In a recent study by the University of Montana, GPT-4 demonstrated remarkable performance in the Torrance Tests of Creative Thinking (TTCT, a standard test for measuring creativity), matching the top 1% of human thinkers. The model excelled in fluency and originality. These findings imply that the creative abilities of GPT-4 could potentially surpass those of humans.
For a recent benchmark on advanced reasoning capabilities of large language models take a look at the ARB (Advanced Reasoning Benchmark).
In a recent paper from Dec 26, 2022, Google demonstrates that its large language model Med-PaLM, based on 540 billion parameters with a special instruction prompt tuning for the medical domain, reaches almost clinician’s performance on new medical benchmarks MultiMedQA (benchmark combining six existing open question answering datasets spanning professional medical exams, research, and consumer queries) and HealthSearchQA (a new free-response dataset of medical questions searched online). The evaluation of the answers considering factuality, precision, possible harm, and bias was done by human experts.

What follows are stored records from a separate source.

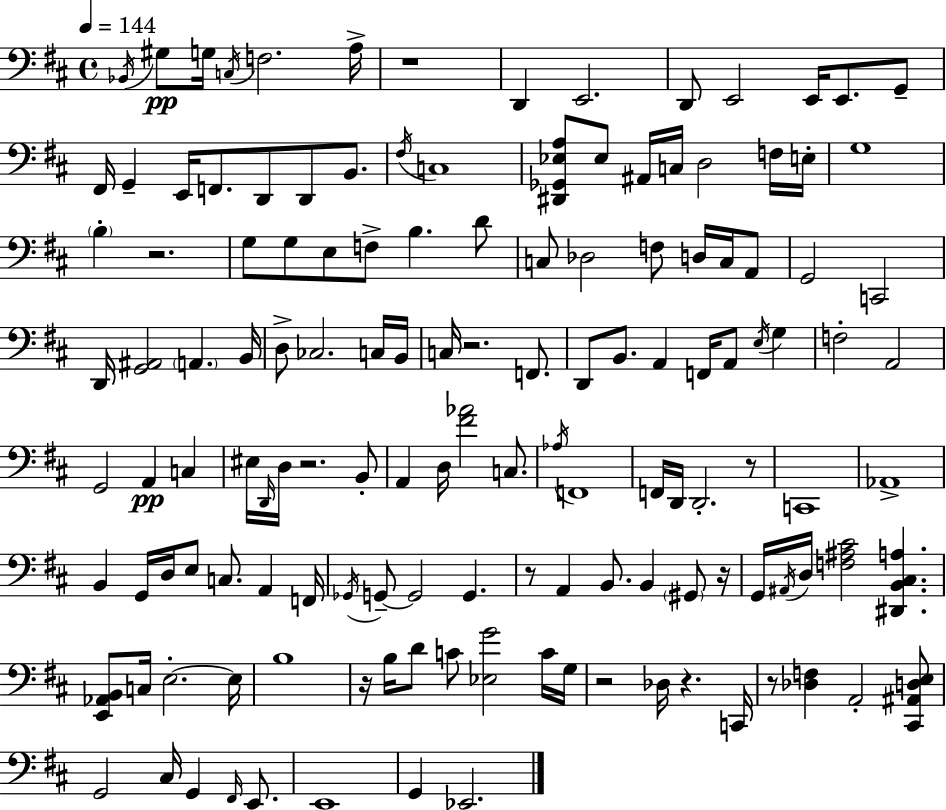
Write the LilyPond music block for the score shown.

{
  \clef bass
  \time 4/4
  \defaultTimeSignature
  \key d \major
  \tempo 4 = 144
  \repeat volta 2 { \acciaccatura { bes,16 }\pp gis8 g16 \acciaccatura { c16 } f2. | a16-> r1 | d,4 e,2. | d,8 e,2 e,16 e,8. | \break g,8-- fis,16 g,4-- e,16 f,8. d,8 d,8 b,8. | \acciaccatura { fis16 } c1 | <dis, ges, ees a>8 ees8 ais,16 c16 d2 | f16 e16-. g1 | \break \parenthesize b4-. r2. | g8 g8 e8 f8-> b4. | d'8 c8 des2 f8 d16 | c16 a,8 g,2 c,2 | \break d,16 <g, ais,>2 \parenthesize a,4. | b,16 d8-> ces2. | c16 b,16 c16 r2. | f,8. d,8 b,8. a,4 f,16 a,8 \acciaccatura { e16 } | \break g4 f2-. a,2 | g,2 a,4\pp | c4 eis16 \grace { d,16 } d16 r2. | b,8-. a,4 d16 <fis' aes'>2 | \break c8. \acciaccatura { aes16 } f,1 | f,16 d,16 d,2.-. | r8 c,1 | aes,1-> | \break b,4 g,16 d16 e8 c8. | a,4 f,16 \acciaccatura { ges,16 } g,8--~~ g,2 | g,4. r8 a,4 b,8. | b,4 \parenthesize gis,8 r16 g,16 \acciaccatura { ais,16 } d16 <f ais cis'>2 | \break <dis, b, cis a>4. <e, aes, b,>8 c16 e2.-.~~ | e16 b1 | r16 b16 d'8 c'8 <ees g'>2 | c'16 g16 r2 | \break des16 r4. c,16 r8 <des f>4 a,2-. | <cis, ais, d e>8 g,2 | cis16 g,4 \grace { fis,16 } e,8. e,1 | g,4 ees,2. | \break } \bar "|."
}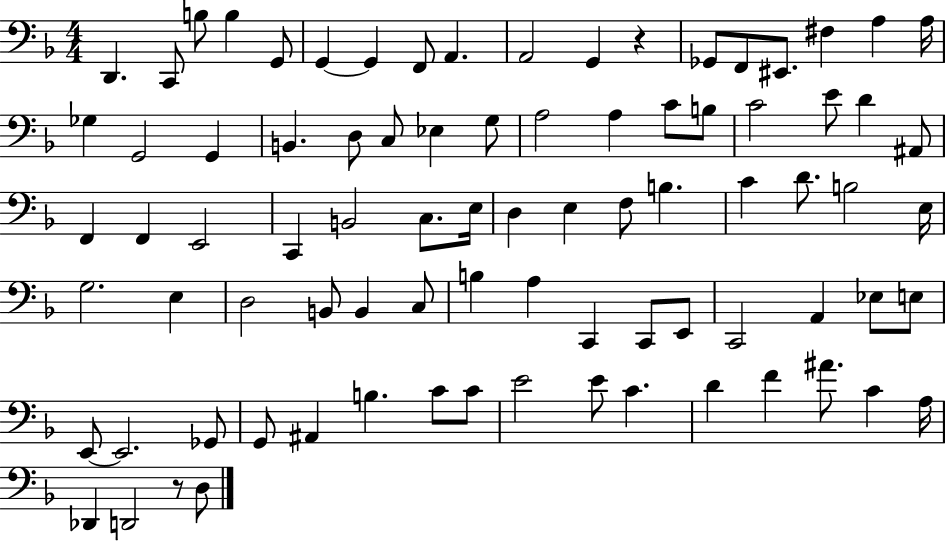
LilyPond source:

{
  \clef bass
  \numericTimeSignature
  \time 4/4
  \key f \major
  \repeat volta 2 { d,4. c,8 b8 b4 g,8 | g,4~~ g,4 f,8 a,4. | a,2 g,4 r4 | ges,8 f,8 eis,8. fis4 a4 a16 | \break ges4 g,2 g,4 | b,4. d8 c8 ees4 g8 | a2 a4 c'8 b8 | c'2 e'8 d'4 ais,8 | \break f,4 f,4 e,2 | c,4 b,2 c8. e16 | d4 e4 f8 b4. | c'4 d'8. b2 e16 | \break g2. e4 | d2 b,8 b,4 c8 | b4 a4 c,4 c,8 e,8 | c,2 a,4 ees8 e8 | \break e,8~~ e,2. ges,8 | g,8 ais,4 b4. c'8 c'8 | e'2 e'8 c'4. | d'4 f'4 ais'8. c'4 a16 | \break des,4 d,2 r8 d8 | } \bar "|."
}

In the United States, most jurisdictions require applicants to pass the Bar Exam in order to practice law. This exam typically requires several years of education and preparation (seven years of post-secondary education, including three years at an accredited law school).
In a publication from Dec 29, 2022, the authors evaluated the performance of GPT-3.5 on the multiple choice part of the exam. While GPT is not yet passing that part of the exam, it significantly exceeded the baseline random chance rate of 25% and reached the average human passing rate for the categories Evidence and Torts. On average, GPT is performing about 17% worse than human test-takers across all categories.
Similar to this publication is the report that ChatGPT was able to pass the Wharton Master of Business Applications (MBA) exam.
On March 15, 2023, a paper was published that stated that GPT-4 significantly outperforms both human test-takers and prior models, demonstrating a 26% increase over GPT-3.5 and beating humans in five of seven subject areas.
DeepMind publishes that AlphaCode reaches median human competitor performance in real-world programming competitions on Codeforces by now scaling up the number of possible solutions to the problem to millions instead of tens like before.
This announcement was originally made on 02 Feb 2022 and was now published on 08 Dec 2022 in Science.